Résumés
Abstract
In recent years, a number of philosophers have argued that much theorizing about the value of equality, and about justice more generally, has focused unduly on distributive issues and neglected the importance of egalitarian social relationships. As a result, relational egalitarian views, according to which the value of egalitarian social relations provides the grounds of the commitment that we ought to have to equality, have gained prominence as alternatives to more fundamentally distributive accounts of the basis of egalitarianism, and of justice-based entitlements. In this paper, I will suggest that reflecting on the kind of explanation of a certain class of our justice-based entitlements that relational egalitarian considerations can offer raises doubts about the project, endorsed by at least some relational egalitarians, of attempting to ground all entitlements of justice in the value of egalitarian social relationships.
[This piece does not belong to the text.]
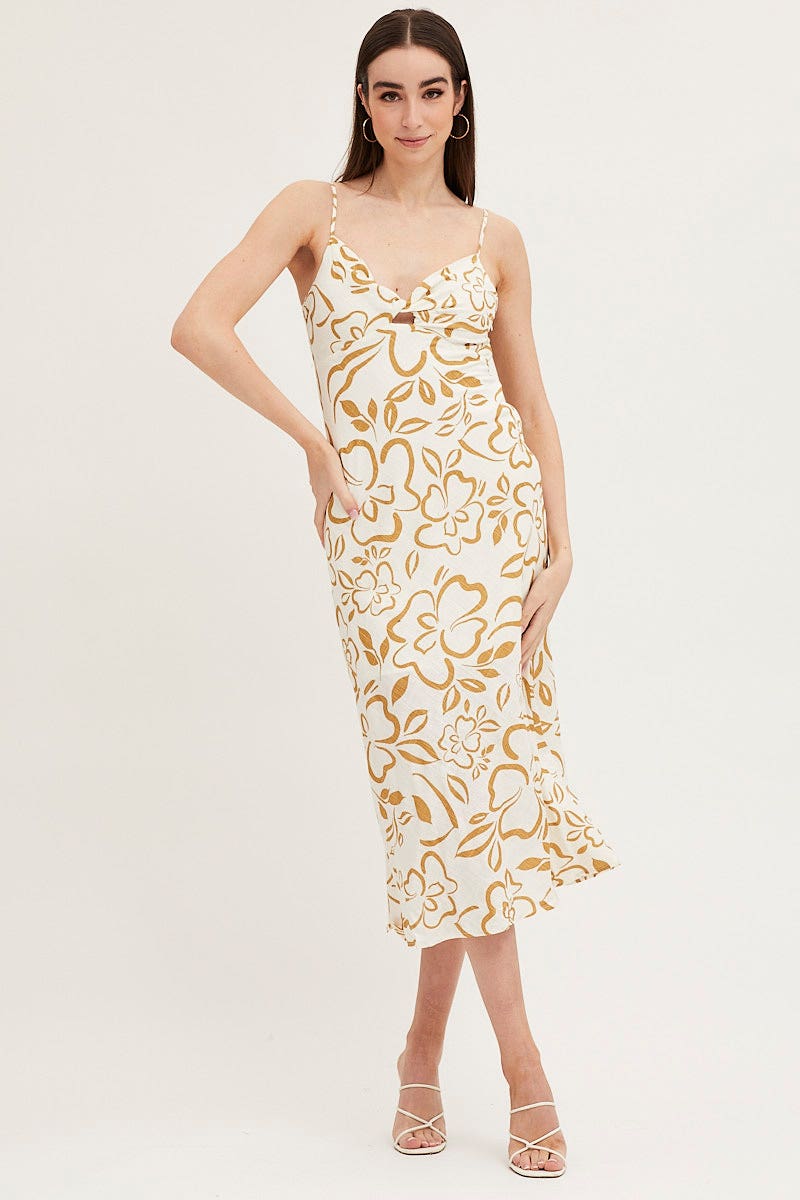 Print Linen Slip Midi Dress
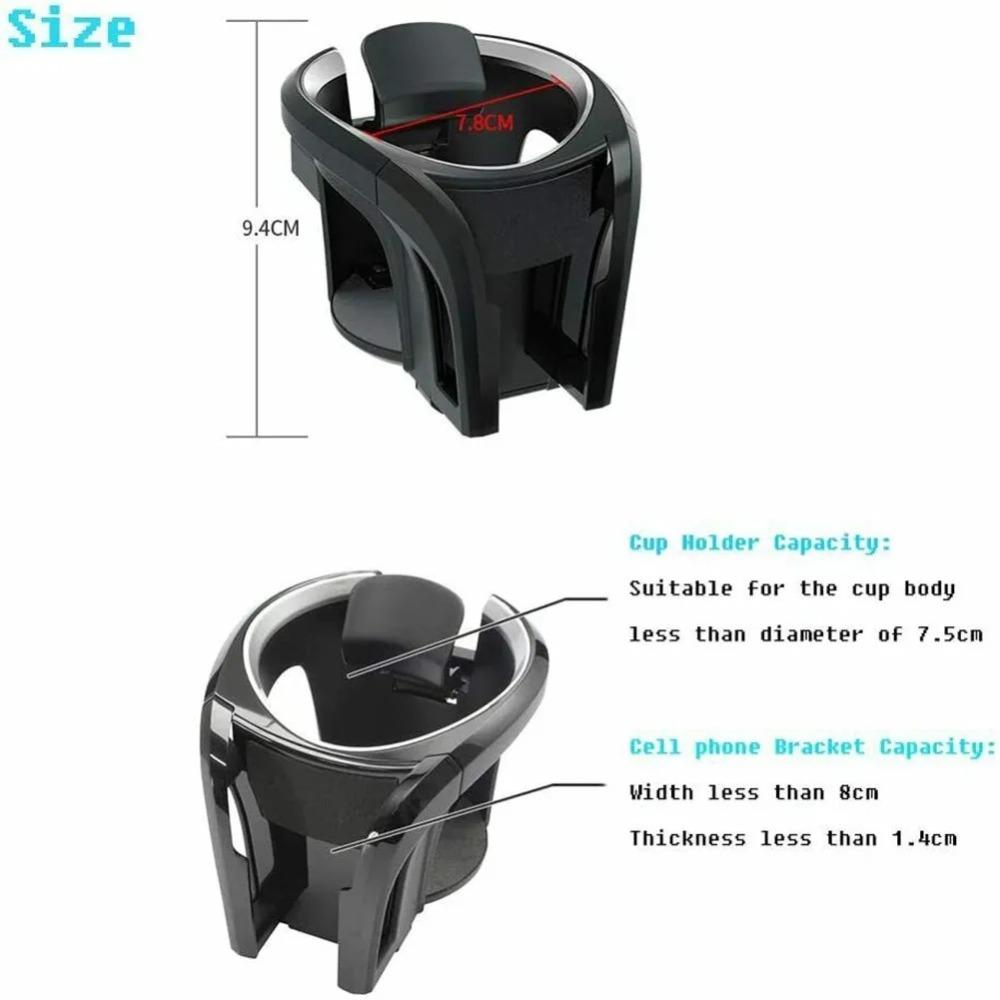 Adjustable Car Cup Holder Space-Saving Cup Mount Air Vent Mount for Beverage/Trash Storage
I will use the entitlement to healthcare provision as my central example. The central claim that I will defend is that even if relational egalitarian accounts can avoid implausible implications regarding the extension of justice-based entitlements to health care, it is more difficult to see how they can avoid what seem to me to be implausible explanations of why individuals have the justice-based entitlements that they do. To the extent that I am correct that relational egalitarian views are committed to offering implausible explanations of the grounds of justice-based entitlements to healthcare, this seems to me to provide at least some support for a more fundamentally distributive approach to thinking about justice in healthcare provision.
Résumé
Au cours des dernières années, certains philosophes ont avancé qu’une grande part de la théorisation sur la valeur de l’égalité, et la justice de façon plus générale, s’est concentrée de manière excessive sur des enjeux distributifs et a, par là même, négligé l’importance des relations sociales égalitaires. Par conséquent, les approches relationnelles de l’égalité, selon lesquelles la valeur des relations sociales égalitaires constitue le socle de l’engagement qui doit être pris envers l’égalité, ont pris du terrain en tant qu’alternatives à des explications plus fondamentalement distributives de la base de l’égalitarisme et de l’admissibilité fondée sur la justice. Dans cet article, je propose qu’en réfléchissant au type d’explication d’une certaine catégorie de droits fondés sur la justice que peuvent offrir des considérations liées à l’égalitarisme relationnel, on peut remettre en doute le projet, auquel souscrivent certains partisans de l’égalitarisme relationnel, de baser tous les droits fondés en justice sur la valeur des relations sociales égalitaires. Comme exemple principal, je prendrai le droit à l’accès aux soins de santé. Je défendrai l’argument central suivant : même si les explications relationnelles de l’égalitarisme peuvent éviter des implications peu plausibles quant à l’extension de droits fondés sur la justice aux soins de santé, elles peuvent toutefois plus difficilement éviter ce qui me semble être des explications invraisemblables des raisons pour lesquelles les individus possèderaient de tels droits. S’il est bien vrai que les conceptions de l’égalitarisme relationnel sont contraintes à offrir des explications invraisemblables du fondement en justice des droits aux soins de santé, il me semble que cela offre au moins un certain soutien à une approche plus fondamentalement distributive pour penser les enjeux de justice dans l’accès aux soins de santé.